The binding affinity was predicted by a hybrid machine learning setup, which combines descriptor-based QSAR models and a neighborhood-aware heterogeneous graph neural network (NHGNN-DTA) architecture [https://github.com/hehh77/NHGNN-DTA (accessed 19 July 2025)] as an adaptation of newly published techniques for the drug target affinity prediction problem [31]. In the QSAR workflow, molecular descriptors and ECFP4 fingerprints were generated using PaDEL-Descriptor and RDKit, correspondingly. RF and SVM models, implemented with scikit-learn, were trained on a variety of bioassay datasets that have been cleaned up. Tenfold cross-validation and external test sets, balanced accuracy, F1-score, Matthews correlation coefficient (MCC), and ROC-AUC were employed to evaluate the models’ abilities.
Besides the QSAR models, we used the NHGNN-DTA framework, representing drug molecules and protein targets as a heterogeneous graph in which the nodes represent atoms, amino acids, and neighborhood interaction features. Molecular graphs were made from SMILES strings by RDKit. Atoms were nodes with their associated physicochemical features and bonds as edges. The protein sequence graphs were derived from the structural contact maps encoding the residues as nodes and edges connecting the spatial adjacency of the surface or the amino acids with the closest structural neighbors. The NHGNN component did not just collect the information from direct neighbors but also from different kinds of nodes and multiple-hop connections, thus getting deeper structural and functional features of ligand–protein interactions. PyTorch Geometric (2.4) was used to implement the NHGNN-DTA model, which was trained for 500 epochs with the Adam optimizer. Mean squared error (MSE) was used as the loss function. The performance of the model was evaluated using Root Mean Square Error (RMSE), Concordance Index (CI), Pearson correlation, and Spearman correlation coefficients, which are the same metrics used in benchmarking standards for drug–target affinity prediction. The predicted affinity scores of the QSAR models and NHGNN-DTA were plotted, and the compounds with the highest predicted affinities that were common to both approaches were selected. These top-scoring coconut-derived natural products were then chosen for further structure-based docking and molecular dynamics validation.

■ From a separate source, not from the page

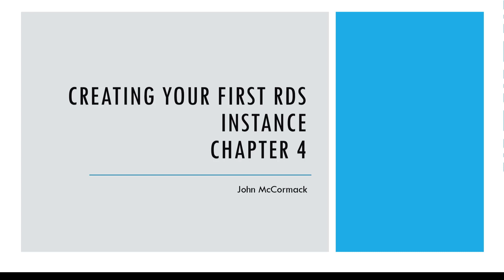Welcome back to this course on SQL Server on Amazon RDS. In this chapter we're going to create our first RDS instance using the AWS web console. So let's jump right in and get started.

2.4. Protein and Ligand Preparation

M. tuberculosis proteins were initially selected from the Protein Data Bank (PDB) based on their reported involvement in essential biological processes, including cell wall biosynthesis, transcriptional regulation, iron acquisition, and energy metabolism. Based on these criteria, seven proteins were selected for detailed investigation: 2KGW (OmpATb domain), 3G1M (EthR), 3LOG (MbtI), 5JZX (MurB), 5LD8 and 5W07 (KasA/InhA-related enzymes), and 8J57 (ATP synthase Fo complex). The selected proteins comprised diverse functional classes such as enoyl-ACP reductase, KasA, MurB, MbtI, EthR, ATP synthase, and membrane-associated proteins. These targets were chosen due to their essential roles in bacterial survival and pathogenicity. Contact maps were generated from Cα-atom distances to capture spatial residue relationships. For molecular docking studies, all ligands were preprocessed using the LigPrep module, where geometry optimization and protonation were carried out at physiological conditions (pH 7 ± 2) employing Epik in conjunction with the OPLS4 force field (Schrödinger Maestro Release 2025-1; Epik, Schrödinger, LLC, New York, NY, USA). Protein structures were prepared with the Protein Preparation Wizard by eliminating crystallographic water molecules and cofactors, adding missing hydrogen atoms, correcting bond orders, and optimizing hydrogen-bonding networks at pH 7.4 ± 2, followed by restrained energy minimization using OPLS4. The stereochemical integrity of the prepared proteins was assessed through Ramachandran plot analysis, which confirmed that more than 95% of residues occupied favored conformational regions.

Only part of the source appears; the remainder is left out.